BEGIN Material provided

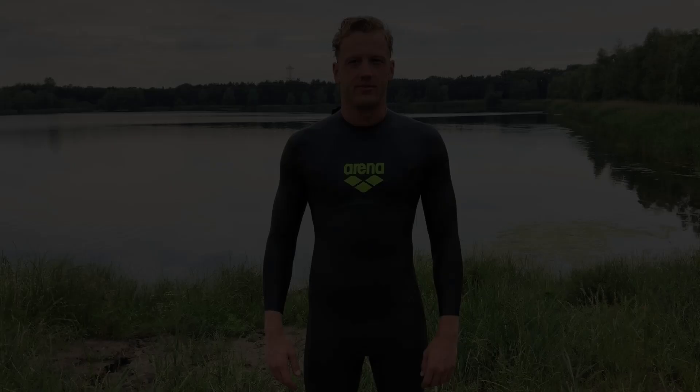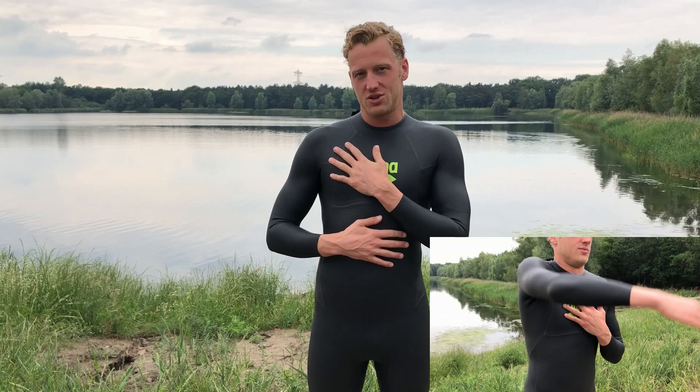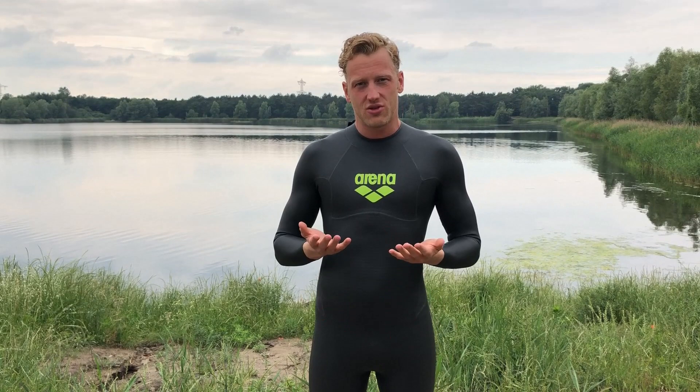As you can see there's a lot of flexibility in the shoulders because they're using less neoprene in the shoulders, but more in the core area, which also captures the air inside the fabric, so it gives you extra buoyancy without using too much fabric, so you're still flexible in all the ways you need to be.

END Material provided
BEGIN Material provided

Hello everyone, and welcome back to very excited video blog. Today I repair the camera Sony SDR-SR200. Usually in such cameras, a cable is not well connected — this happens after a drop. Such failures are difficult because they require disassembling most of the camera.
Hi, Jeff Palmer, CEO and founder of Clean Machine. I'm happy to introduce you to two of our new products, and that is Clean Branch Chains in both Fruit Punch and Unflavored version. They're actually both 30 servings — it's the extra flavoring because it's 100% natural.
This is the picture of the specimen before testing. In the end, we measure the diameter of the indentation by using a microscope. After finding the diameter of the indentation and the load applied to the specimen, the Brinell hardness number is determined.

END Material provided

Your task:
Look through the entries above and quote exactly the lines from the line with "Hello everyone, and" to the line with "This is the", counting both of those lines.

Written answer:
Hello everyone, and welcome back to very excited video blog. Today I repair the camera Sony SDR-SR200. Usually in such cameras, a cable is not well connected — this happens after a drop. Such failures are difficult because they require disassembling most of the camera.
Hi, Jeff Palmer, CEO and founder of Clean Machine. I'm happy to introduce you to two of our new products, and that is Clean Branch Chains in both Fruit Punch and Unflavored version. They're actually both 30 servings — it's the extra flavoring because it's 100% natural.
This is the picture of the specimen before testing. In the end, we measure the diameter of the indentation by using a microscope. After finding the diameter of the indentation and the load applied to the specimen, the Brinell hardness number is determined.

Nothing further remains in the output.